As befits Quinn’s larger-than-life presence, it does take two people to fully fill the void she leaves behind. The first is new broker Bre Tiesi, a model who just happens to have a child with Nick Cannon (her first, his eighth). Her connection to a man who is frequent tabloid fodder and a prime target for criticism is juicy enough to reinvigorate the potentially stale conflicts carried over from past seasons. Tiesi’s association with Cannon makes her a spectacle to the other women in the office who aren’t afraid to say exactly how they feel about the couple’s arrangement, but from her first moment on screen Tiesi channels Quinn’s energy, quick to toss out biting remarks to cut down anyone who looks at her sideways. When Chelsea Lazkani invites women from Tiesi’s past to one of the season’s first events, Tiesi has no problem dressing Lazkani down for doing so in the office the next day, and in front of the Oppenheim brothers themselves.

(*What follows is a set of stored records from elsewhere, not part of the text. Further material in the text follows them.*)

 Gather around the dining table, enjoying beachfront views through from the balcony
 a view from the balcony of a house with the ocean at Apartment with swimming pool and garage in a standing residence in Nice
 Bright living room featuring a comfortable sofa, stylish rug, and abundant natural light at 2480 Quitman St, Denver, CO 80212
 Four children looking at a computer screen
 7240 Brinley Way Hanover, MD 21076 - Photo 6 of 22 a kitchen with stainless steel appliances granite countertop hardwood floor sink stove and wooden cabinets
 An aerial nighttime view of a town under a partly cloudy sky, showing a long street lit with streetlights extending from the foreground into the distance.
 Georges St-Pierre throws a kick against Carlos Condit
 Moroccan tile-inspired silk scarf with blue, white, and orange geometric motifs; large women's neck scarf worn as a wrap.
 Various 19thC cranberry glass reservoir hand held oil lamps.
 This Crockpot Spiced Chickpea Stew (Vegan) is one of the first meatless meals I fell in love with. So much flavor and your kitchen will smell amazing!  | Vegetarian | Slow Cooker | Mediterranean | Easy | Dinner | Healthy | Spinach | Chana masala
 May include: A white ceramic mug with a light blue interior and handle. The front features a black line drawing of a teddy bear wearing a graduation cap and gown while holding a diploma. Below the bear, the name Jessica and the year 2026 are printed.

And Tiesi has connections that allow her to bring some fantastical real estate porn and starpower to this season. Her multi million-dollar properties have double-decker, clear-bottom pools and yoga rooms with living plant walls. She works with clients like rapper Saweetie to help them find homes in “Billionaire’s Row.” Throw in her impractical but stunning fashions, and she’s the triple threat that the show desperately needs in Quinn’s absence.
But in a surprising twist, it’s Chrishell Stause, Quinn’s sworn enemy, who makes somewhat of a heel turn this season, and is all the better for it. It wouldn’t be fair to explicitly call her a villain, though there are certainly people this season who she seems hellbent on tearing down. No, it’s more that Stause has finally become confident. In the final moments of Season 5, she was beat down and distraught over her breakup with Jason Oppenheim, unsure if she would return to a job she loves because she would have to see him every day.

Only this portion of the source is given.